What he was talking about, as I said, is spontaneous breaking. Imagine a dam holding back water. This dam is perched on top of a hill blocking a river. If the dam was not there the water would naturally take the path of least resistance and flow downhill. SImple. The water has progressed to a lower energy state, as nature commands. But with the dam there, the water cannot flow downhill. Nonetheless, the water cannot get over the dam, and thus, even though the water is not in its lowest energy state, the arrangement is relatively stable. It is for this same reason that organisms, which are extremely far from chemical equilibirum, do not spontaneously combust.

If the dam is cracked and bursts, the water will flow from the false vacuum, the dam, to the true vacuum, the water. This false vacuum may have been the original state of the universe and it is what victor refers to as "nothing". We also call it a singularity. A singularity is a point where mathematical relationship is not defined. The universe is believed to have been born out of a singularity after a false vacuum fluctuation, when all the essential forces were unified into one.

The universe today is like a broken mirror, with the four forces ruling it disjointed and separate from each other. This is because the original vacuum arrangement is unstable. It broke, and from it gushed the true vacuum- the universe. This unified state, the vacuum arrangement, has another name- nothing.

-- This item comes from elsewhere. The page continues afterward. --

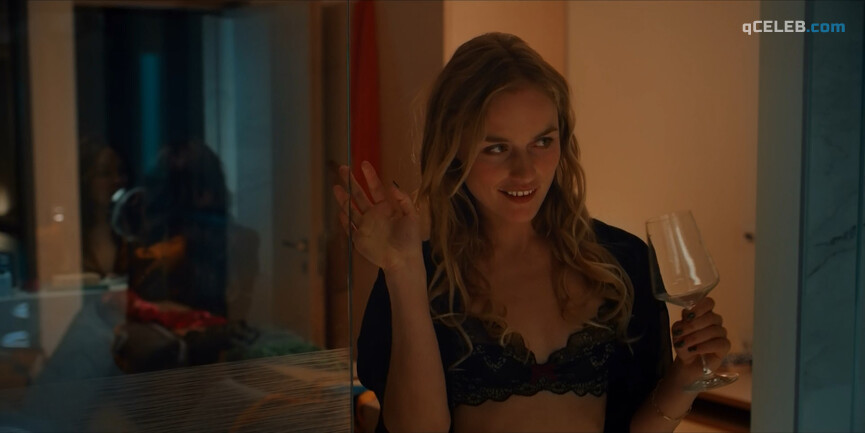 11. Daphne Wellens sexy, Julia Akkermans sexy, Karina Smulders nude – Women of the Night s01e05-06 (2019)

To quote Victor J Stenger in God, The Failed Hypothesis:

> "If the laws of physics follow naturally from empty space-time then where did that empty space-time come from? why is there something rather than nothing? This question is often the last recourse of the theist who seeks to argue for the existence of god from physics and cosmology and finds that all his other arguements fail. Philosopher Bede Rundle calls it "Philosophy's central, and most perplexing, question." His simple (But book length) answer: "There has to be something" (God the failed hypothesis Pg 132.)
>
> "How do we define "nothing"? What are its properties? If it has properties, doesn't that make it something? The theist claims that God is the answer. But, then, why is there god rather than nothing? Assuming we can define "nothing," Why should nothing be a more natural state of affairs than something? In fact, we can give plausible scientific reason based on our best current knowledge of physics and cosmology that osmething more natural than nothing!" (God the failed hypothesis Pg 132.)
>
> "Nature is capable of building complex structures by processes of self-organization, how simplicity begets complexity. Consider the example of the snowflake, the beautiful six-pointed pattern of ice crystals that results from the direct freezing of water vaopr in the atmosphere. Our experience tells us that a snowflake is very ephemeral, melting quickly into drops of liquid water the exhibit far less structure. But that is only because we live in a relatively high-temperature environment, where heat reduces the fragile arrangement of crystals to a simpler liquid. Energy is required to break the symmetry of a snowflake." (God the failed hypothesis Pg 133.)
>
> "In an environment where the ambient temperature is well below the melting point of ice, as it is in most of the universe far from the highly localized effects of stellar heating, any water should readily crystallize into complex asymetric structures. Snowflakes would be eternal, or at least would remain instact untill comic rays tore them apart."(God the failed hypothesis Pg 133.)
>
> "This example illustrates that many simple systems of particles are unstable, that is, have limited lifetimes as they undergo spontaneous phase transitions to more complex structures of lower energy. Since "Nothing" is as simple as it gets, we cannot expect it to be very stable. It would likely undergo a spoontaneous phase transition to something more complicated, like a universe containing matter." "The answer to the ancient question 'Why is there something rather than nothing?' would be be that 'nothing' is unstable." (God the failed hypothesis Pg 133.)

 

And when you have done that perhaps you care to answer this, seeing as you apparently know soooo much about physics?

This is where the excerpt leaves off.